The editor-in-chief of the maverick network, which has come under sharp criticism from the United States and Britain over its coverage of the Iraq war, later asked for help from the coalition forces to get its reporters out of Baghdad.

"I believe that none of them is safe any more, whether in Baghdad or the rest of Iraq, even those who are with American troops," said Ibrahim Hilal.

In Qatar, the US military command denied taking aim at al-Jazeera's offices and said it had cautioned journalists from the start that working from Baghdad would be risky during the war.

"Central command has repeatedly warned media representatives that Baghdad would be a dangerous place to be if the coalition engaged the Iraqi regime in combat," it said in a statement.

The Pentagon said it was saddened by media deaths in the Iraq war, but defended the US tank crew that fired at the Baghdad hotel, saying they acted in self-defense after being fired on.

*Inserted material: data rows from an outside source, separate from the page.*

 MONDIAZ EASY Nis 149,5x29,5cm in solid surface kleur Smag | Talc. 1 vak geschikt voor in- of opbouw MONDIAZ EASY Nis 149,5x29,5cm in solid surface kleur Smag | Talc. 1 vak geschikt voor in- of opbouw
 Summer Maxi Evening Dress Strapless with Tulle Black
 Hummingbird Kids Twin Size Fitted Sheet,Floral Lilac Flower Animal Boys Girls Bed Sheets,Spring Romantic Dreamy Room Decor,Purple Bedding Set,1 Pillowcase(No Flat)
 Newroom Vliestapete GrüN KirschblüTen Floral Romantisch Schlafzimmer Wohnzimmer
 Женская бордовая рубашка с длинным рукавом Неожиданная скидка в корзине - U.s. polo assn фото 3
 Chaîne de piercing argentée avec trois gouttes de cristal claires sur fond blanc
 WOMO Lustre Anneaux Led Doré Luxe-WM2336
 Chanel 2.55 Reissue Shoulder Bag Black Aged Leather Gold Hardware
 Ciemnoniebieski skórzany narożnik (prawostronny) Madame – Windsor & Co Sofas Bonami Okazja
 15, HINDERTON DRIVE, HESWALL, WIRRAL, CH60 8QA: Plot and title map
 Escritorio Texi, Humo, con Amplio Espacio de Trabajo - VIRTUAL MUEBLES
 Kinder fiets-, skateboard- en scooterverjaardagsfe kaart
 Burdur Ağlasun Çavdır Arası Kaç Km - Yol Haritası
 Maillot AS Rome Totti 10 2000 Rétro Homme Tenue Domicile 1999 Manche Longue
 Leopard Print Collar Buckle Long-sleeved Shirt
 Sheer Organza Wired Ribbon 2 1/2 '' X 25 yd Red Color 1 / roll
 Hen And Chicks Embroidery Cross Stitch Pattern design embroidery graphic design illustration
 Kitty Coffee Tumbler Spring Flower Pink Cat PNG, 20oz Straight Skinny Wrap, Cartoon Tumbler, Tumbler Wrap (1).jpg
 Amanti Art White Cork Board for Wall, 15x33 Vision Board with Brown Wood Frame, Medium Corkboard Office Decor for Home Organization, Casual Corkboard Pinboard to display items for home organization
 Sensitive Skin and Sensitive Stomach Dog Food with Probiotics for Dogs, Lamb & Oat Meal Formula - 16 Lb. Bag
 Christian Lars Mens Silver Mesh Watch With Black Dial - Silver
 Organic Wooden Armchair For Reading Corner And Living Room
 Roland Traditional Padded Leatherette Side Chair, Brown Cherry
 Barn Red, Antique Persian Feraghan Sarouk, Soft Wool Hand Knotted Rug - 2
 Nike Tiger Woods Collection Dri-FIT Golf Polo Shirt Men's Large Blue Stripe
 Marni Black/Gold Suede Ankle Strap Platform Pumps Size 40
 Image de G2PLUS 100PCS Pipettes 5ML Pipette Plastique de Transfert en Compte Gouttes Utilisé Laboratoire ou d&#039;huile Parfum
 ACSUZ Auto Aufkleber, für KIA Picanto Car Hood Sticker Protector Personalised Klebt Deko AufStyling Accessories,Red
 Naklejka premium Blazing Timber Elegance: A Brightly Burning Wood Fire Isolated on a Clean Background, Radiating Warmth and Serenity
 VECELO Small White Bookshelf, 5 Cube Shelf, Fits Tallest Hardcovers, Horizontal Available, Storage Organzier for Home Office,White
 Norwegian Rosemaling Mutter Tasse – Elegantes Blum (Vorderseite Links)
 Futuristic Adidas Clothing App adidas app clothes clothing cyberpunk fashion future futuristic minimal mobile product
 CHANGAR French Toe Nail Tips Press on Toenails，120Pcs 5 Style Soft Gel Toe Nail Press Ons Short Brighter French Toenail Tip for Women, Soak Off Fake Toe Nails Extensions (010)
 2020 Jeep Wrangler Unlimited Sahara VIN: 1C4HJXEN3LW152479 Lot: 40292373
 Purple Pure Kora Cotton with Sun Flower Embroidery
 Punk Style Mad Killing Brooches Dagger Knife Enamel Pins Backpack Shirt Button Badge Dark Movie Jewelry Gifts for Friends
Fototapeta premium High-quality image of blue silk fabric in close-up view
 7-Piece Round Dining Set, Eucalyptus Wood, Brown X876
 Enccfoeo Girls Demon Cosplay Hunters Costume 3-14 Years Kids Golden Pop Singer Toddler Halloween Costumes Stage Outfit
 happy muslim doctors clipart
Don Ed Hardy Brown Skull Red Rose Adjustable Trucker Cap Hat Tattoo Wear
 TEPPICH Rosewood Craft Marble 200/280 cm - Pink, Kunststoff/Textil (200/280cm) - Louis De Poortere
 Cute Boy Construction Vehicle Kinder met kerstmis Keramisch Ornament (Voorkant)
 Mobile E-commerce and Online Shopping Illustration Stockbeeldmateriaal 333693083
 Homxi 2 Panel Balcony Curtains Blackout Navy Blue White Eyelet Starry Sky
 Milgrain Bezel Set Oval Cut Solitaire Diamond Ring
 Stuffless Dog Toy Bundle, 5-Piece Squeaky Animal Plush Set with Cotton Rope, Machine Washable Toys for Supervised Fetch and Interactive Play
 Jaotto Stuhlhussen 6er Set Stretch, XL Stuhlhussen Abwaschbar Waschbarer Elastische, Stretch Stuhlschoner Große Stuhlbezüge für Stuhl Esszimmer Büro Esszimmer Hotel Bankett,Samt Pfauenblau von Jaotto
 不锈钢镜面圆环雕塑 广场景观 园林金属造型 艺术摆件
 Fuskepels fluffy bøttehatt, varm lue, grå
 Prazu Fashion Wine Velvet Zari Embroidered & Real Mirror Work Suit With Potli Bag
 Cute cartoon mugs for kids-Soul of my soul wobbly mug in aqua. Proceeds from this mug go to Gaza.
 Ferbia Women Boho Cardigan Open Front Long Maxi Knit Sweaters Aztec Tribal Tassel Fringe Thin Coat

Al-Jazeera's offices, on the road between the Mansur Hotel and the planning ministry, are not far from the Republican Palace compound where fierce fighting raged between US and Iraqi troops Tuesday.

In the second incident, a US commander said an American tank shot a single round at the Palestine hotel after it was fired upon.

General Buford Blount, commander of the 3rd Infantry Division said: "The tank was receiving fire from the hotel, RPG (rocket-propelled grenade) and small-arms fire, and engaged with one tank round. The firing stopped."

Reuters editor in chief Geert Linnebank criticized US forces for firing on the hotel.

"Taras's death, and the injuries sustained by the others, were so unnecessary," Linnebank said from the agency's London headquarters.

He called into question the "judgment of advancing US troops who have known all along that this hotel is the main base for almost all foreign journalists in Baghdad."

The International Federation of Journalists (IFJ) condemned the hotel attack as a possible war crime.

"There is no doubt at all that these attacks could be targeting journalists. If so, they are grave and serious violations of international law," said IFJ general secretary Aidan White.

"The bombing of hotels where journalists are staying and targeting of Arab media are particularly shocking events in a war which is being fought in the name of democracy," he said.

The Brussels-based lobby group also accused the Iraqi regime of using journalists and other civilians as "human shields," and demanded that both sides in the war be punished under international law.

The New York-based Committee to Protect Journalists, in an open letter to US Defence Secretary Donald Rumsfeld, demanded an immediate inquiry into the media deaths.

Both Spain and Portugal called on journalists from their countries to leave Baghdad immediately, while European Union officials said they would make representations to the United States to provide greater protection to journalists covering the conflict.

Foreign journalists working from the Palestine hotel are under the strict watch of Iraqi authorities, as opposed to Al-Jazeera and rival Abu Dhabi television of the United Arab Emirates which have their own offices and more freedom of movement.

Abu Dhabi TV aired harrowing live footage Tuesday showing its camera position under attack.

As they filmed the arrival of two US tanks on a major bridge in central Baghdad close to their offices overlooking the river, what appeared to be Iraqi machinegun fire clattered out from just beneath the camera position.

Since the start of the war on March 20, Arabic channels have been in particularly fierce competition to present the latest from Iraq, jostling to fill the gap left by the absence of major US channels such as CNN, whose team was expelled by Iraq at the start of the hostilities.